Material supplied ->
_ _ _ _ _ _ _
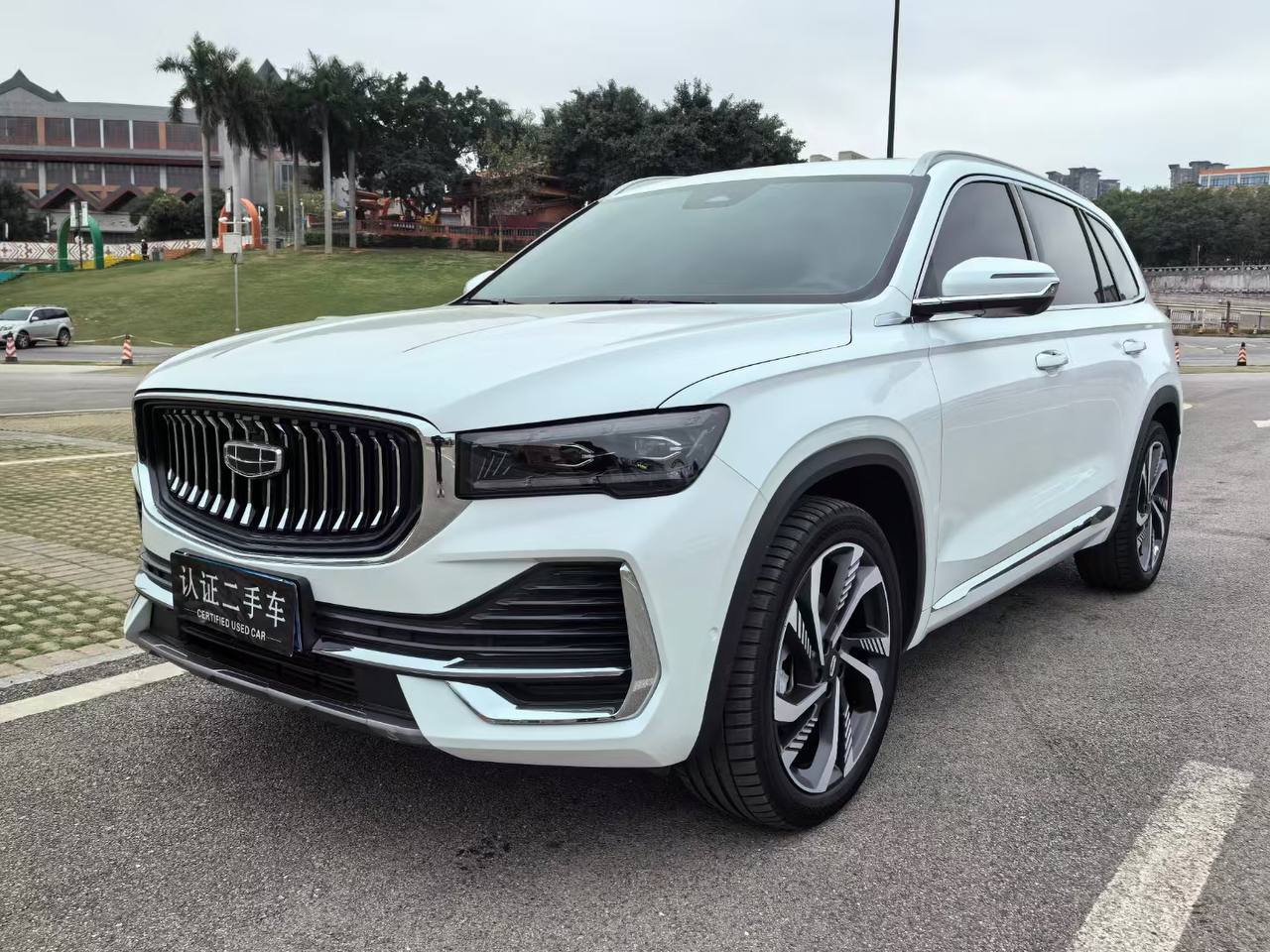 Geely Monjaro 2021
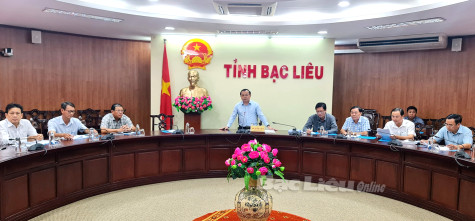 Đẩy nhanh tiến độ thực hiện Dự án thành phần đoạn Hậu Giang - Cà Mau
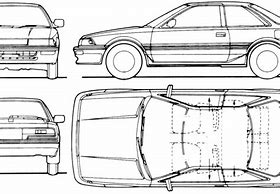 Image result for Toyota Levin 4AGZE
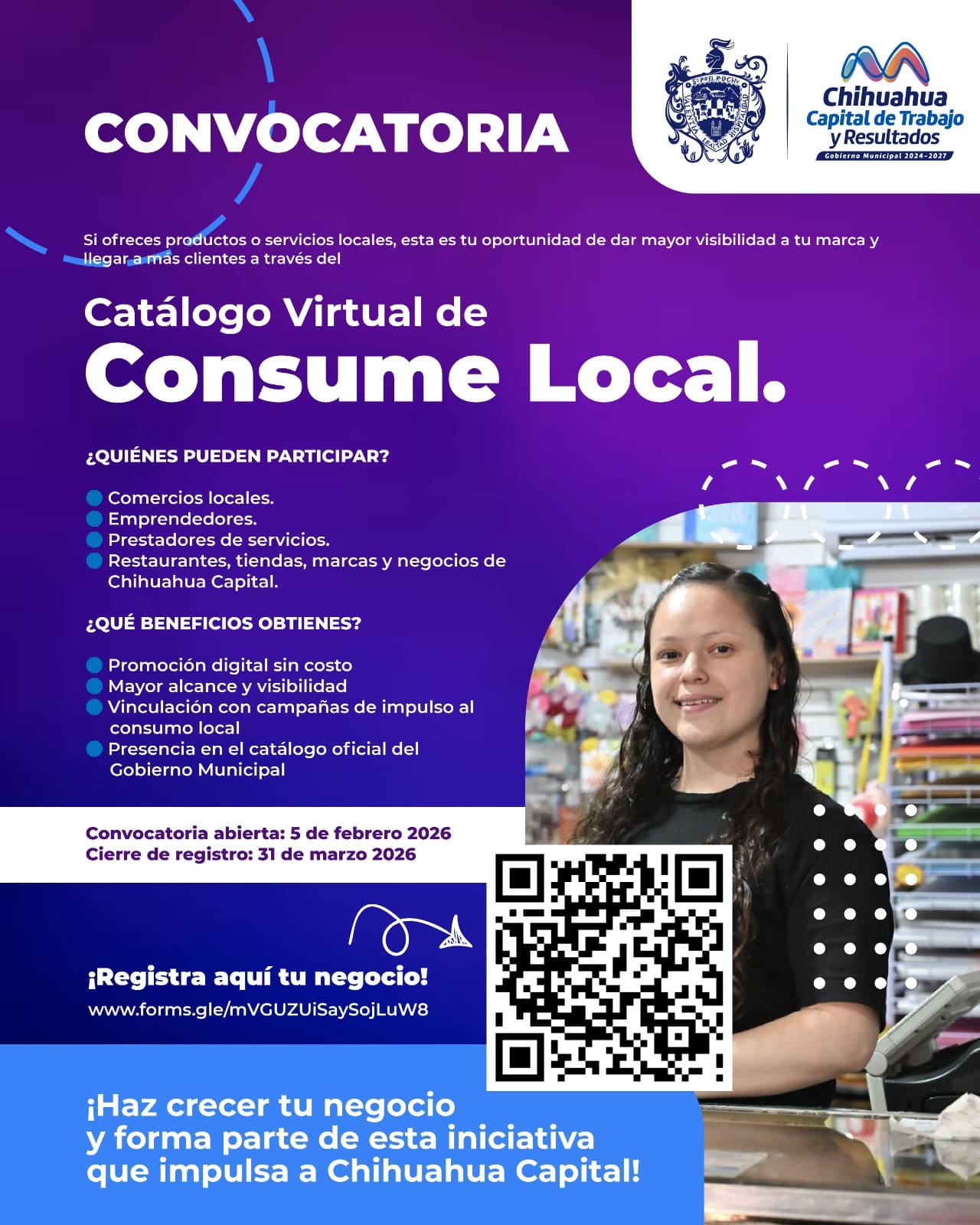 Llaman a emprendedores a integrar catálogo de consumo local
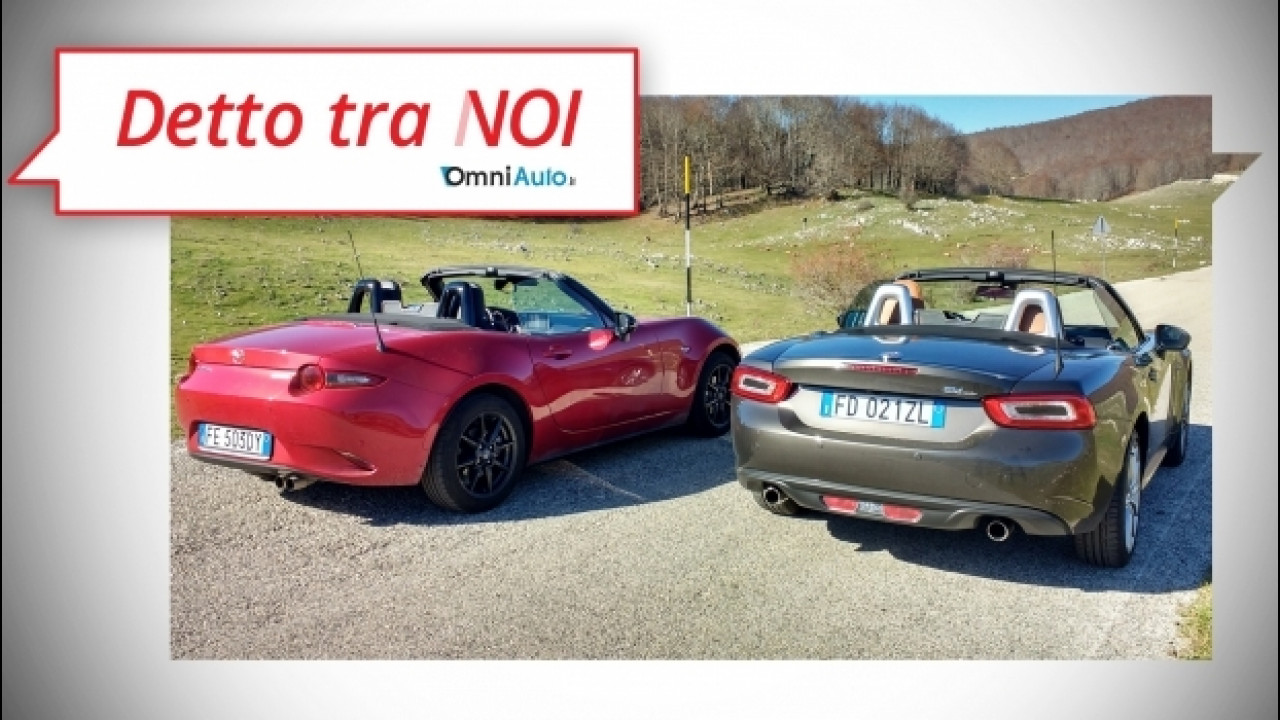 [Copertina] - Mazda MX-5 o Fiat 124 Spider?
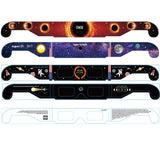 Paper Eclipse Random Color Anti-uv Protect Eyes Observation Solar Glasses for Direct Sun Viewing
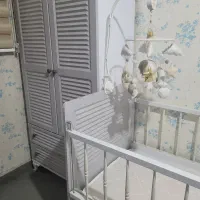 تخت و کمد کودک کاملا نو حتی یک بار استفاده نشده|تخت و سرویس خواب|تهران, آهنگ|دیوار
_ _ _ _ _ _ _
Requirement -> No picture belongs in the answer, but every word of the records above does, exactly as given.

Result ->
 Geely Monjaro 2021
 Đẩy nhanh tiến độ thực hiện Dự án thành phần đoạn Hậu Giang - Cà Mau
 Image result for Toyota Levin 4AGZE
 Llaman a emprendedores a integrar catálogo de consumo local
 [Copertina] - Mazda MX-5 o Fiat 124 Spider?
 Paper Eclipse Random Color Anti-uv Protect Eyes Observation Solar Glasses for Direct Sun Viewing
 تخت و کمد کودک کاملا نو حتی یک بار استفاده نشده|تخت و سرویس خواب|تهران, آهنگ|دیوار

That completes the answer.